# Profibusstecker im Betrieb ziehen und stecken?



## DJMetro (2 März 2011)

Hallo,
ich plane gerade eine Anlage wo einige Teilnehmer "mobil" sein müssen. Also zu Reinigungszwecken entfernt werden müssen. Jetzt bin am überlegen ob ich, wie im Bild, an jeder Station einen Stich mache mit T-Stücken. Wäre dann das Ziehen und Stecken im Betrieb störungsfrei möglich oder würde der Bus trotzdem kurzzeititg auf Störung gehen?

Andi


----------



## bike (2 März 2011)

Profibus und T-Stücke?
Wir machen das mit DP Koppler und vor dem Entfernen der Teilnehmer werden diese mit dem SFC deaktiviert.


bike


----------



## MSB (2 März 2011)

Also Profibus und Stichleitungen ist allgemein ein wenig "kritisch",
wie kritisch hängt natürlich von der Baudrate ab.

Wenn auf deinen Mobilen Stationen also nur DP-Slaves sind, fallen DP-Koppler schon mal flach.

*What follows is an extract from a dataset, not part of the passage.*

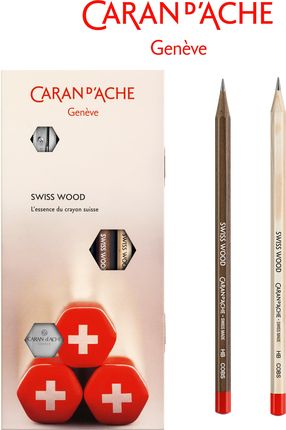 Zestaw Caran D’Ache - 2 Ołówki Grafitowe Swiss Wood Gumka I Temperówka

Die professionelle Lösung hierfür wären eigentlich Repeater.

Mfg
Manuel


----------



## DJMetro (2 März 2011)

Angedacht sind die Slio Module von Vipa mit 1,5MBit.

Andi


----------



## Larry Laffer (2 März 2011)

Hallo,
speziell für diesen Anwendungsfall (u.A.) setzen wir von Helmholz die Profibus-Multiplexer ein. Das funktioniert wunderbar - einziger Haken an der Sache ist die von Helmholz praktizierte Lieferzeit (mal von heute auf morgen und mal erst in 6 Wochen).

Gruß
Larry


----------



## IBFS (2 März 2011)

Mache doch ProfiNet, das kann stecken soviel du willst.

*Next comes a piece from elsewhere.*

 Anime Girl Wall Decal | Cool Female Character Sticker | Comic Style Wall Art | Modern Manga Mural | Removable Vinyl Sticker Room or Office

Brauchst nur einen kleinen Switch an jedem Steckpunkt,
denn ProfiNet-Teilnehmer werden ja meißten in Reihe
gesteckt, da sie zwei Buchsen und einen integrierten 
Switch haben.

Frank


----------



## DJMetro (2 März 2011)

IBFS schrieb:


> Mache doch ProfiNet, das kann stecken soviel du willst.

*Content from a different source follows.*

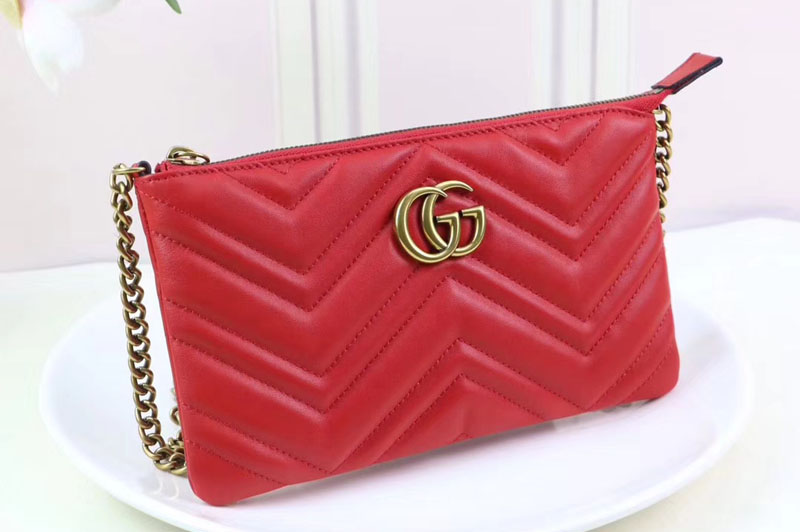 Gucci 443447 GG Marmont mini chain bags Red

Dran gedacht habe ich auch schon. Habe aber noch keine passenden Vergleichsmodule zu den Slio auf ProfiNet Basis gefunden.


----------



## IBFS (2 März 2011)

DJMetro schrieb:


> Dran gedacht habe ich auch schon. Habe aber noch keine passenden Vergleichsmodule zu den Slio auf ProfiNet Basis gefunden.




Und was ist mit:

6ES7151-3AA23-0AB0
INTERFACEMODUL IM151-3 PN ST FUER ET200S UEBERTRAGUNGSRATE 100MBIT/S MAX. 63 POWER-, ELEKTRONIK- ODER MOTORSTARTERMODULE BIS 2M BREITE ANSCHLIESSBAR; 2 X BUSANSCHLUSS UEBER RJ45 INKL. ABSCHLUSSMODUL    
220,00    EUR    

6ES7151-3BA23-0AB0
INTERFACEMODUL IM151-3 PN HF FUER ET 200S UEBERTRAGUNGSRATE 100MBIT/S MAX. 63 PERIPHERIEMODULE BIS 2M BREITE ANSCHLIESSBAR; 2 X BUSANSCHLUSS UEBER RJ45 INKL. ABSCHLUSSMODUL    
270,00    EUR    


...ich wußte garnicht, dass diese SLIOs schon lieferbar sind.  + 


Frank


----------



## Longbow (2 März 2011)

IBFS schrieb:


> Mache doch ProfiNet, das kann stecken soviel du willst.
> 
> Brauchst nur einen kleinen Switch an jedem Steckpunkt,
> denn ProfiNet-Teilnehmer werden ja meißten in Reihe
> ...




Profinet mit integrierten 2-Port Switch löst das Problem nicht. Nur ein separater Profinet Switch würde das Problem lösen, der kostet aber mehr als ein Koppler!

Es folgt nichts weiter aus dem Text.